Question

I'm implementing the Verhoeff algorithm for a check digit scheme, but there seems to be some disagreement in web sources as to which permutation cycle should form the basis of the permutation table.

Wikipedia uses: (36)(01589427)

while apparently, Numerical Recipies uses a different cycle and this book uses: (0)(14)(23)(56789), quoted from a 1990 article by Winters. It also notes that Verhoeff used the one Wikipedia quotes.

Now, my number theory is a little rusty, but the Wikipedia cycle clearly will repeat after the 8th power, while the book one will take 10, despite it saying that s^8=s. Table 2.14(b) has other errors in the 2-cycles, so this is dubious anyway.

Unfortunately, I don't have copies of the original articles (and am too tight to pay/disgusted that 40-year old knowledge is still being held to ransom by publishers), nor a copy of Numerical Recipes to check (and am loath to install their paranoia-induced copy protection plug-in to view online).

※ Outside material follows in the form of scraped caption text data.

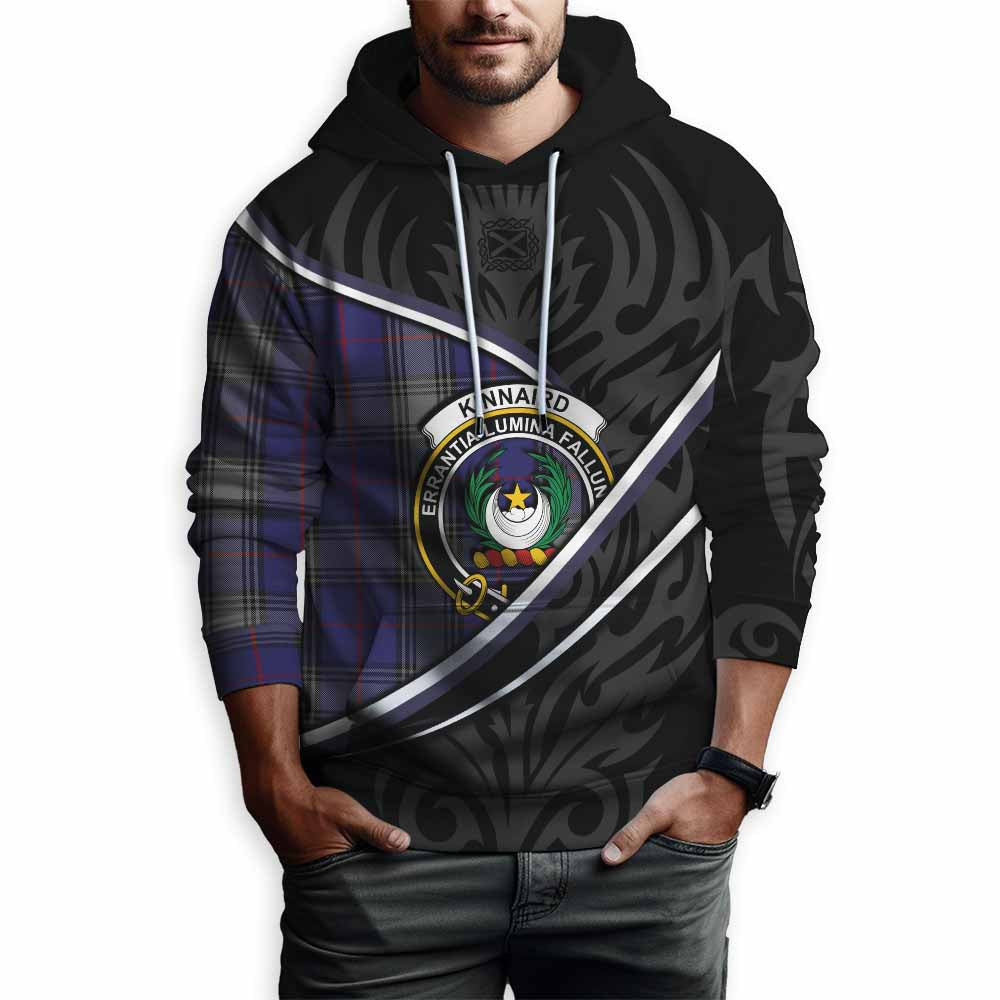 Kinnaird Tartan Family Crest Hoodie Celtic Scottish Thistle Floral - Tartan Vibes Clothing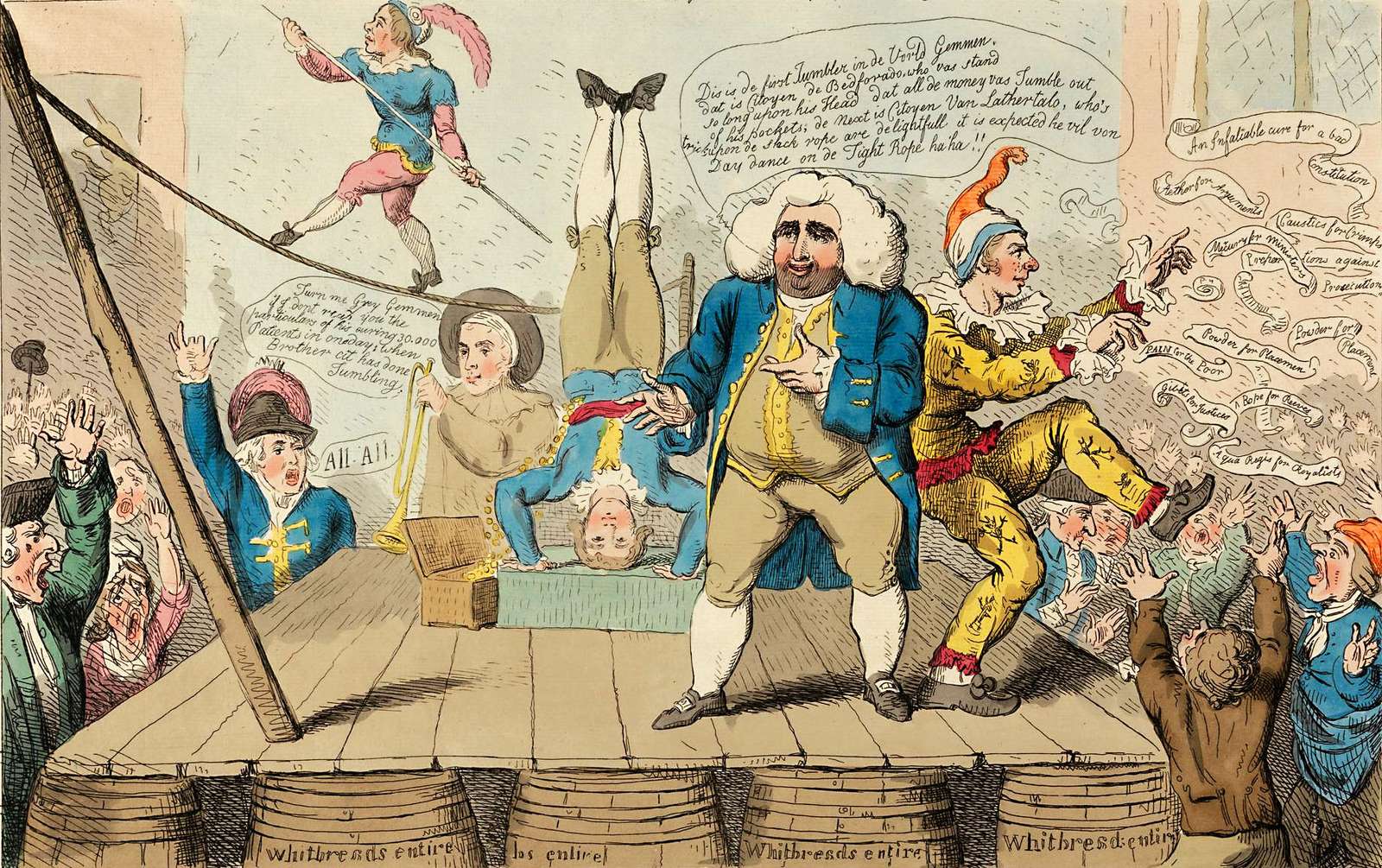 Cruikshank, R - 1795 - Westminsterský šarlatán skládačky online
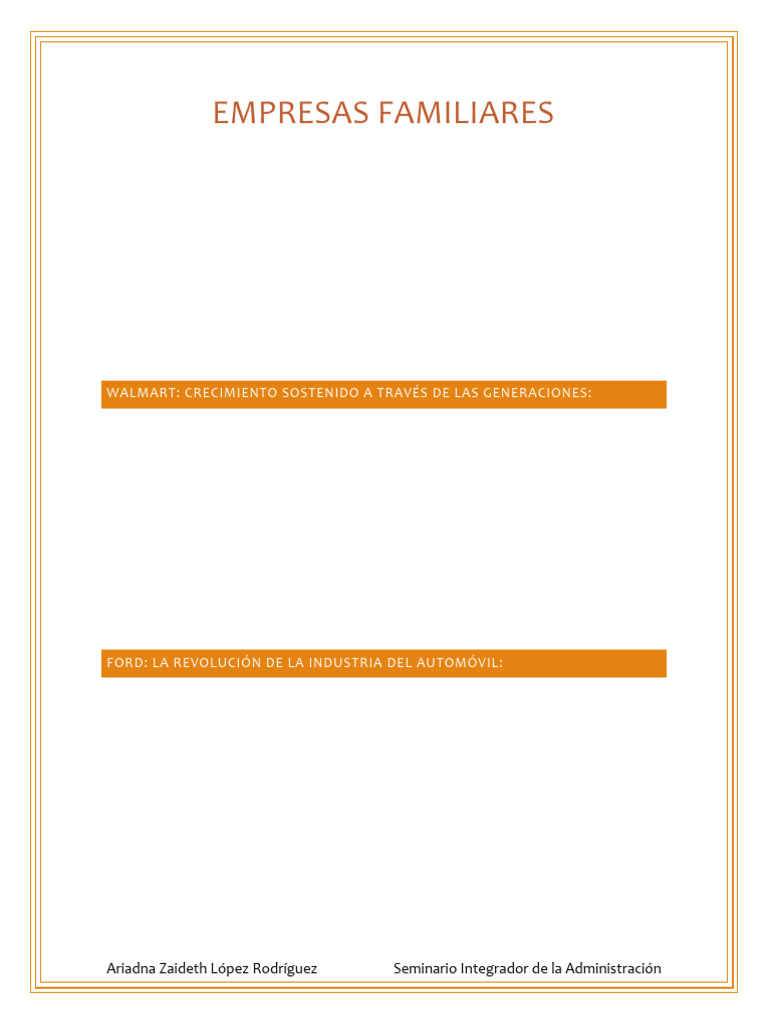 Empresas Familiares | PDF | Walmart | Economias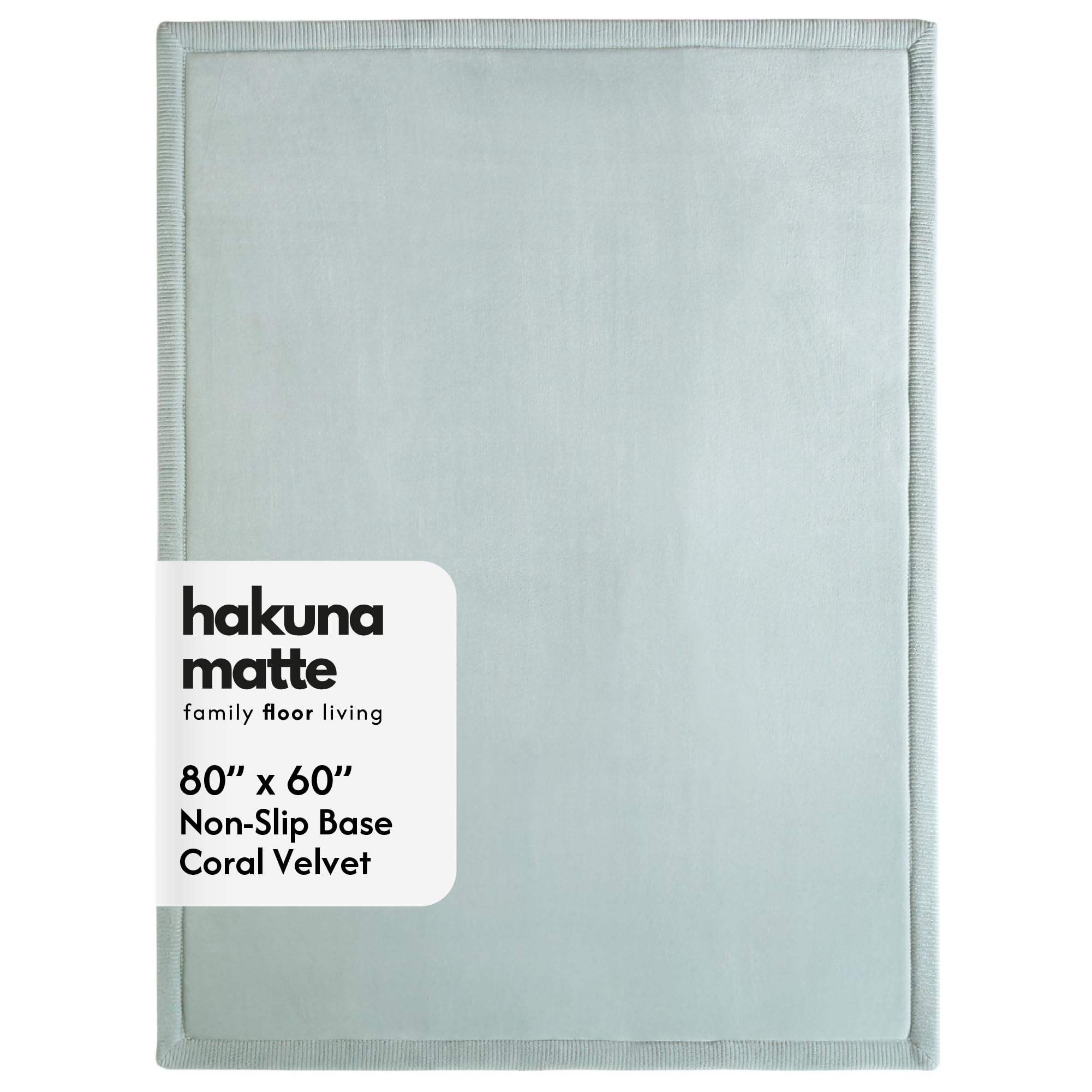 Hakuna Matte CloudSoft Baby Play Mat for Floor 60" x 80" Green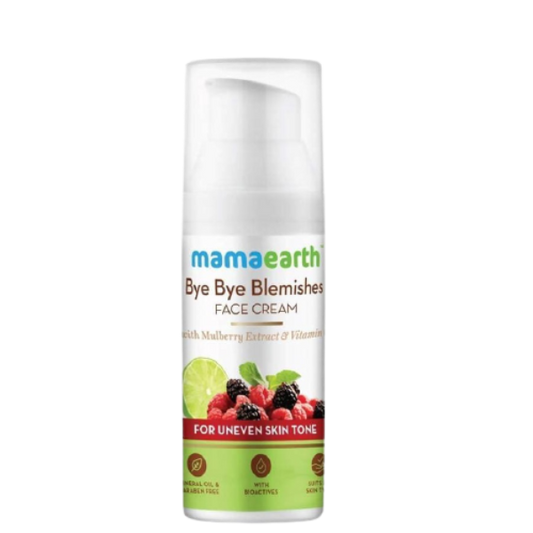 Mamaearth Bye Bye Blemishes Face Cream For Uneven Skin Tone - 30 ml image 1
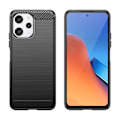 Miniatyrbild 3 av 7: Flexibelt fodral med karbonmönsterskydd för Xiaomi Redmi 12 Carbon Case, svart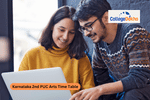 Karnataka 2nd PUC Arts Time Table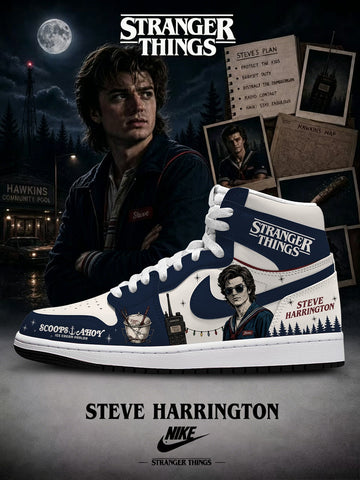 Steve Harrington V.1 Custom High-Top Sneakers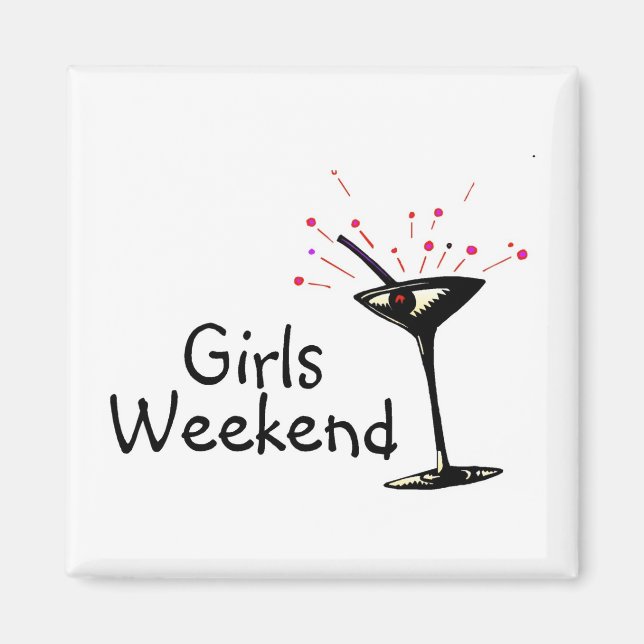 Girls Weekend (Martini 1) Magnet (Vorne)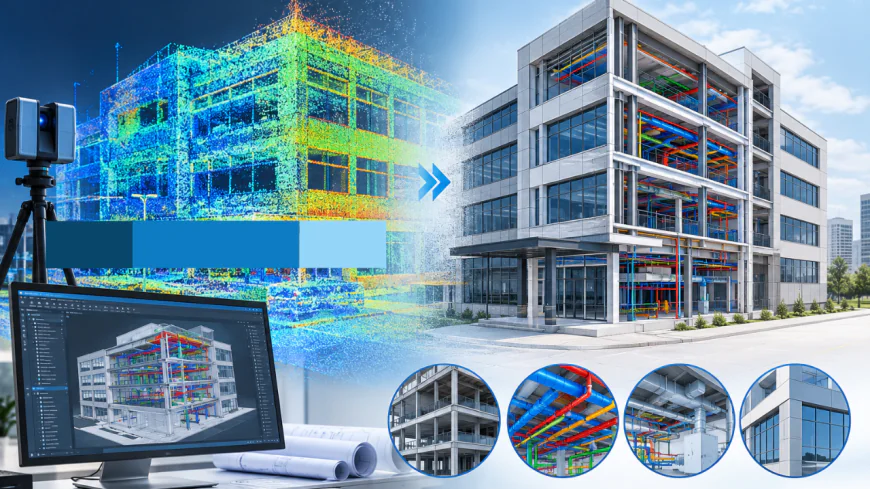 Point Cloud to BIM Outsourcing Services for AEC Companies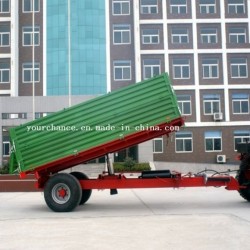 America Best Selling 7cx-5t 5 Tons Hydraulic Tipping Farm Trailer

So does any one know which is correct? Are they both correct?

Was it helpful?

Solution

There's an old edition of Numerical Recipes available here as PDFs. Verhoeff algorithm is described in section 20.3. It uses the same permutation as the Wikipedia article.

OTHER TIPS

The permutation (0)(14)(23)(56789) is better than the permutation (36)(01589427). This is because, (36)(01589427) can only detect 88.89% of the single transposition errors while (0)(14)(23)(56789) can detect all of them. Consider the numeric code 716 be given 0 as the check digit if (36)(01589427) is used. i.e., the code will be 7160. But, if the digits 1 and 6 are transposed, this check digit scheme does not give an error as the check sum is zero. This is not the case with (0)(14)(23)(56789).